同社によれば、お湯が渦を巻くメカニズムは、鍋の下から上昇してくる水が、付属のくるくるリングのフィンによって、回転しながら鍋の中心方向に向かって流れ、渦巻きが発生するとのことだ。
まずブロッコリーを茹でてみることにした。小房に分けて一株全てを入れてみると、いったん温度が下がるので流れは止まるが、再沸騰するとお湯が動き出す。
ただ、ブロッコリーは軽いので上に浮き上がってしまい、浮いたままギュウギュウに詰まって回らなかった。量が多すぎてしまった場合は、ちょっと箸で押し込むようにすると回り出す。あとは放っておいても勝手に混ざってくれるのでラクだ。
回るのを見ているのはとても楽しいが、長時間茹でると茹ですぎになってしまう。火の通りは早いので、何周かしたらあげてしまったほうがよい。
味噌汁用に大根も茹でてみた。めいっぱい水を入れてしまうと多いので、フィンの半分程度で水を入れて作ってみたが、きちんと回っていた。大根が踊るように移動しているのが見えて楽しい。熱が均等に伝わり、根菜類もすぐにゆで上がるので、光熱費の節約になりそうだ。
吹きこぼれず、アクも取りやすい
鍋で茹でていて、目を離したスキに噴きこぼれてしまうのがカレーだ。はじめに野菜やお肉を炒めてから茹でるので、アクもたくさん出る。

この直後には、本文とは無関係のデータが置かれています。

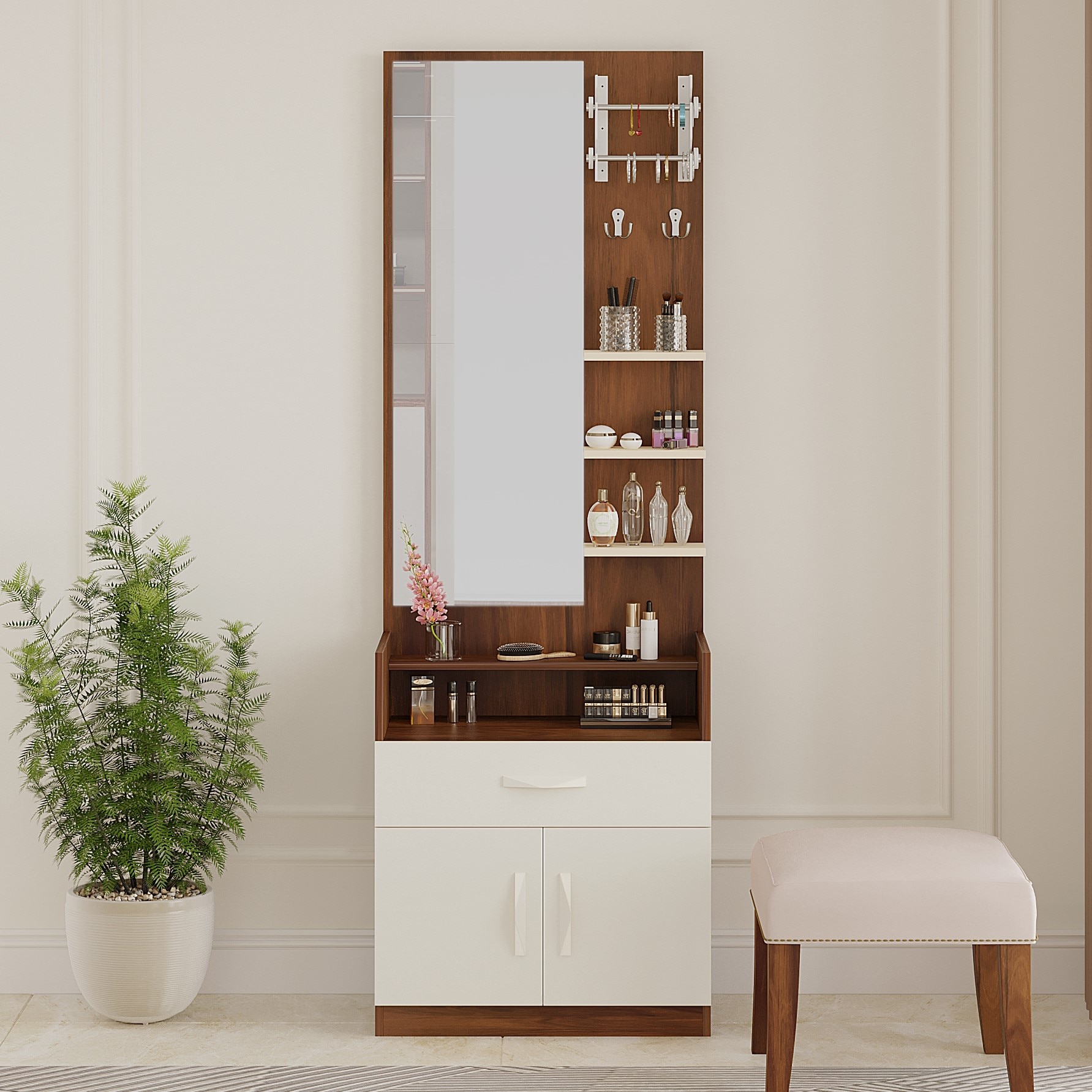 BLUEWUD Darci Engineered Wood Wall Mount/Floor Standing Dressing Table Organizer Makeup Vanity with Mirror Storage Shelves, Bangle Holder & Hooks for Bedroom Home Furniture (Brown Maple & White)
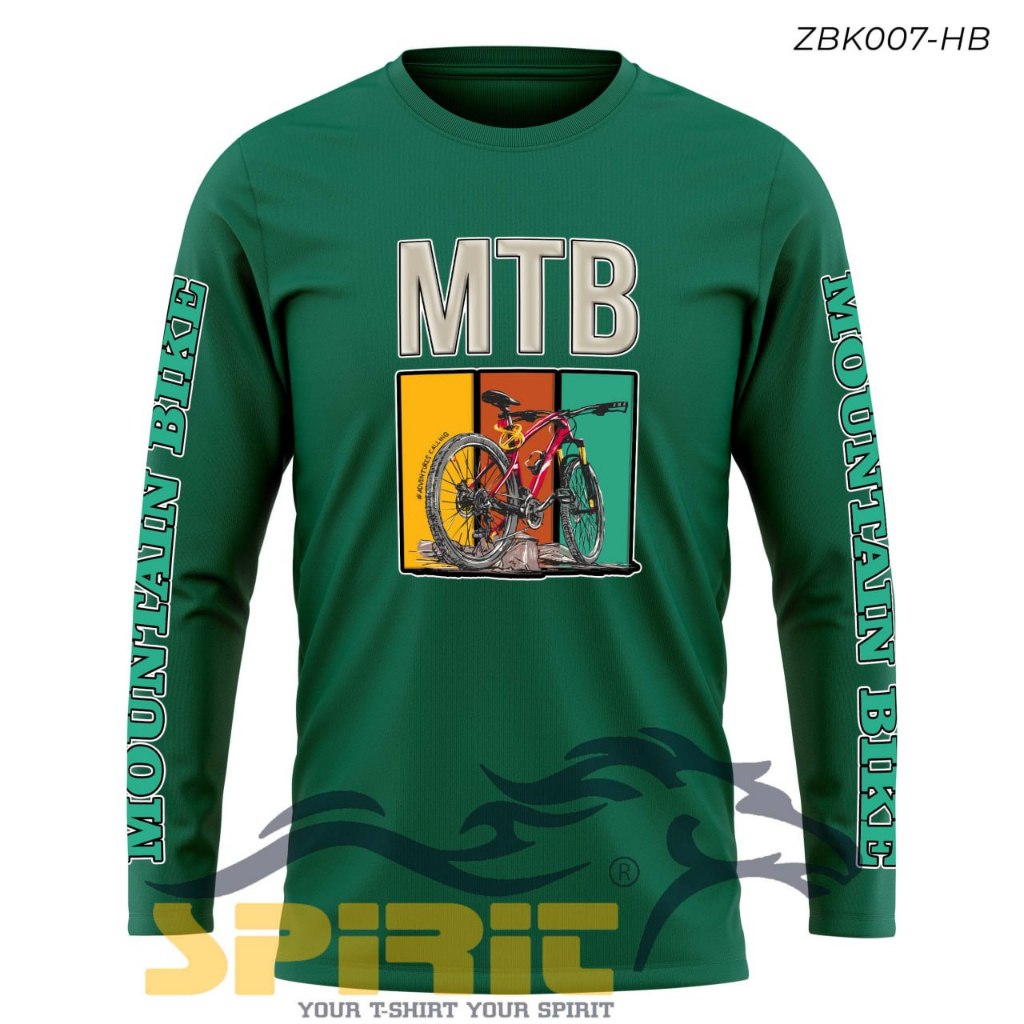 Kaos Sepeda Motif Depan MTB Lengan Panjang Sablon DTF Kaos Katun Combet 24s Distro Premium Jumbo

しかしくるくる鍋なら、流れは中心に向かうので、アクも真ん中に集まる。お玉でスッと取れるのは便利だ。また、どんなに強火にしても吹きこぼれず、他の作業をできるのは嬉しい。
ジャガイモに火が通り過ぎないうちにルーをいれるつもりだったが、いつもより早くジャガイモが崩れてしまい、焦ってしまった。火の通りが早いので、いつもより少し早めのタイミングでカレールーを入れたほうがよさそうだ。
カレールーを入れたらグツグツ煮る必要はないので、ここでリングをはずしておく。あとはカレールーを入れて、普通の鍋として弱火で少し煮込んだら完成だ。
固めのカレー用牛肉は、いつも下の子が「固い」と文句を言うのだが、短時間でトロトロになり、おいしそうに食べていた。くるくるをやり過ぎたせいか、野菜がほとんど溶けてしまったのは残念だが、短時間で火が通るのは頼もしい。
こんな調理には不向き
使用上の注意としては、鍋の中身が多すぎたり、比重の重いもの、粘度の高いものは回転不足の原因となるそうだ。
当然、カレーもカレールーを投入した後では粘度が高いので回らないだろう……と思ったが、どうなるか気になったので、挑戦してみることにした。
強火でカレーを加熱したところ、お湯よりは回転が緩いものの、少しずつ回っていた。しかし、かなり強火にしたため、カレーの底は少し焦げてしまった……。くるくる回るのは楽しいが、無理矢理回すと焦げたりするので注意が必要だ。
くるくる鍋は、多めの湯、少な目の食材、高火力でなければ回転しない。カレーの場合は前述した通り、野菜に火が通ったらくるくるリングをはずし、その後にカレールーを入れることをおすすめする。ドロドロしたカレーが渦を巻く様は楽しかったが、くるくるリングにカレーがくっついてしまい、後片付けも面倒で、残念な結果となってしまった。
他にも回らなかった食材がある。我が家は4人家族なので量が多いということもあって、麺類には使い道がなかった。水に対する割合が多いと、太めのペンネやパスタも全く回らなくなる。1人または2人分で使用するのなら問題ないだろう。
また、ゆで卵もグルグル回るかと期待したが、回らなかった。4つ同時に入れたからかもしれないが、少しずつ移動しながらユラユラ揺れている程度だった。ただ、一切かきまぜなかったものの、黄身は全て真ん中になっていたのは感心した。
ぎっしりと食材を入れた煮物などにも向かない。筑前煮、ぶり大根、おでんといったものだが、そういった調理をするなら内側のリングを外して普通の鍋として使用する。
野菜の下ごしらえや味噌汁、スープ作りにおすすめ
鍋本体は高級感があり、しっかりした作りだが、リングを装着すると非常に重く感じる。水をめいっぱい入れてしまうと、片手で持ち上げるのは大変だ。持ち手と反対側に取っ手をつけるか、両手鍋にしてもらえるとありがたい。
また、鍋のほかにくるくるリングも洗わなければならず、手間がひとつ増える。野菜を茹でる程度ではサッと汚れが落ちるのでそれほど大変ではないが、お肉などを茹でたときに脂などが付いてしまうと、少々面倒に感じた。食器洗浄機は不可となっているが、ぜひ使えるようになって欲しい。
とはいえ、最初は「アイデアとしてはおもしろそうだけど、使い道はあるのかな……」と不安だったが、我が家ではくるくる鍋を使って味噌汁を作ったり、野菜をゆがいたり、コンソメースープを作ったり、カレーやシチューにとろみをつける直前までの作業に重宝した。かき混ぜる必要がなく、アク取りが簡単で、短時間で調理できる。くるくるリングをはずして普通の鍋として調理もできるので、使い道は色々だ。
とても珍しいアイデア鍋なので、結婚祝いや引っ越し祝いなど、プレゼントとしても喜ばれるのではないだろうか。